All lines below starting at the one that holds "Picape intermediária tem" and ending at the one that holds "Dog-friendly home with" should be printed exactly, ends included. Pictures should not be printed, nor anything else.

RECORDS FOR THIS EXERCISE:
============================================================

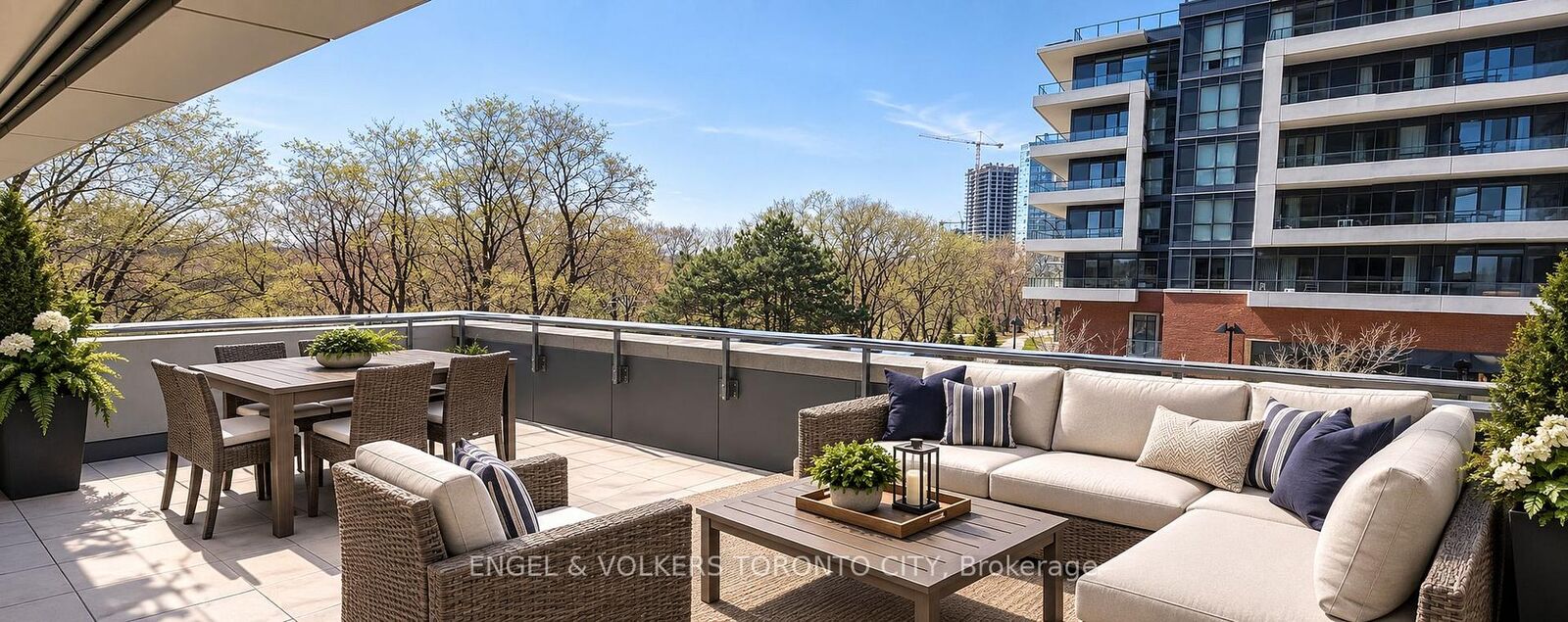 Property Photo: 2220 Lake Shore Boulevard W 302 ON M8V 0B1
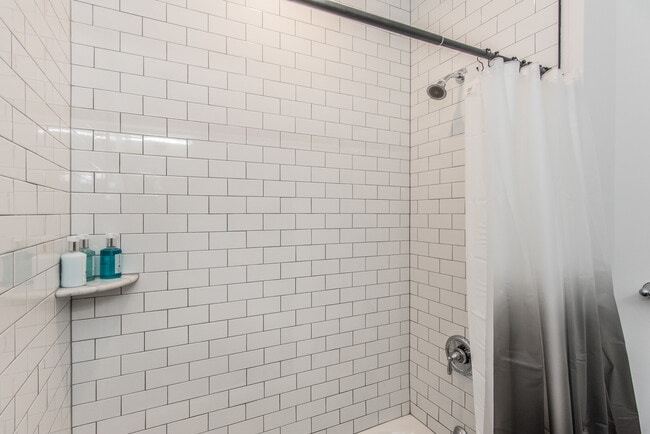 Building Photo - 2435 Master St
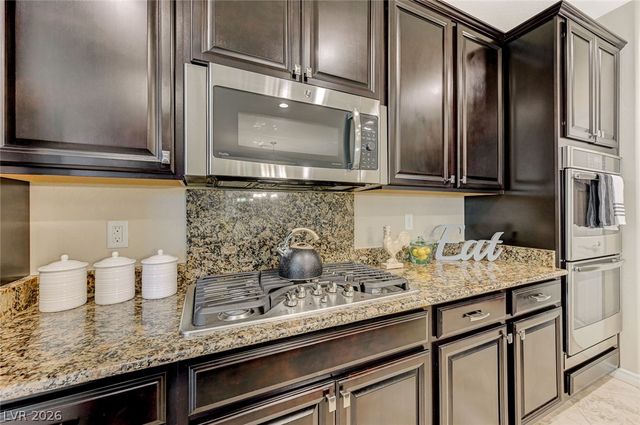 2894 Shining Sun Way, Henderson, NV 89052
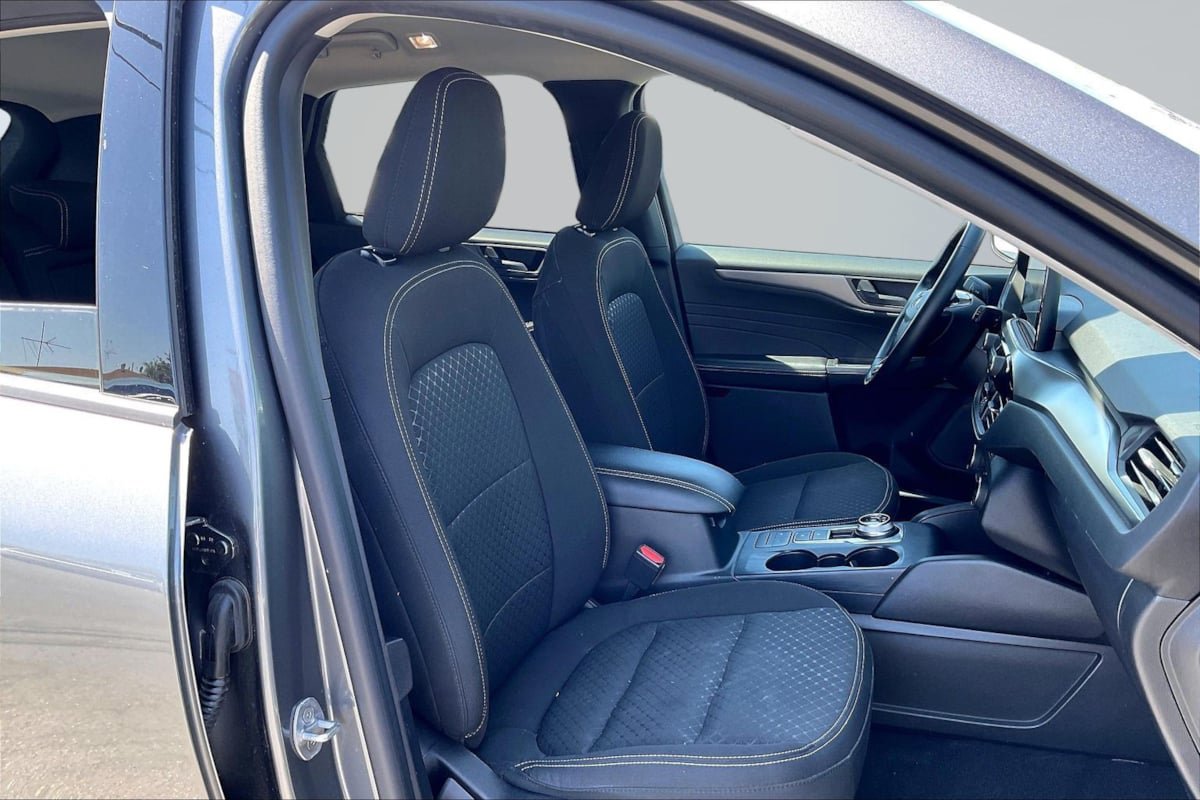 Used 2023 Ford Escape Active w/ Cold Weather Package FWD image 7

============================================================

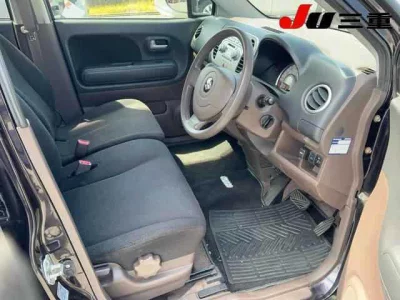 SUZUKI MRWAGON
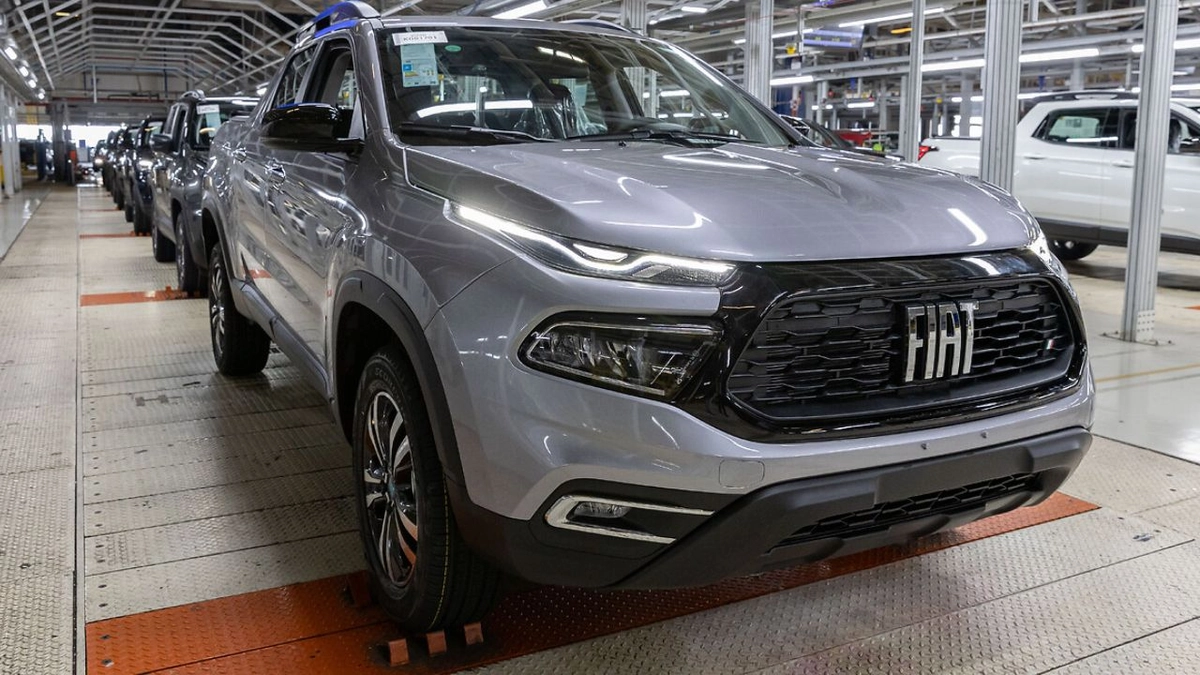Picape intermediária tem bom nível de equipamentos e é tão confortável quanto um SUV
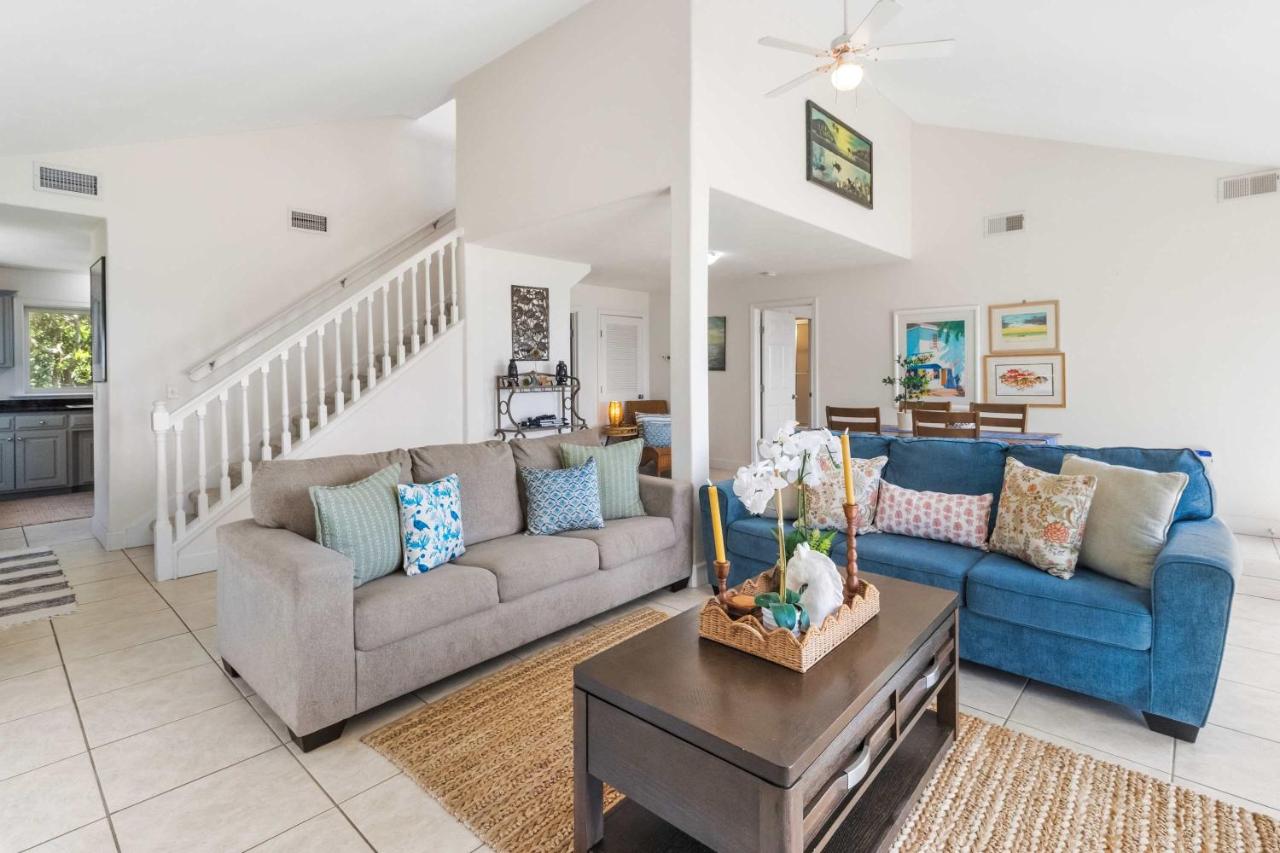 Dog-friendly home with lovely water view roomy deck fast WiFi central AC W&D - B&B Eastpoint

============================================================

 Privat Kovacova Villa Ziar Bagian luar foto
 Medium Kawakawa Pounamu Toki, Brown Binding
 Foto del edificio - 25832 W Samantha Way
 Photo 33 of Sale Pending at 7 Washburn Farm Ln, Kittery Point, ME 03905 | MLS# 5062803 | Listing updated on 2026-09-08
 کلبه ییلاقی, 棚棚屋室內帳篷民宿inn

============================================================

TASK ANSWER:
Picape intermediária tem bom nível de equipamentos e é tão confortável quanto um SUV
 Dog-friendly home with lovely water view roomy deck fast WiFi central AC W&D - B&B Eastpoint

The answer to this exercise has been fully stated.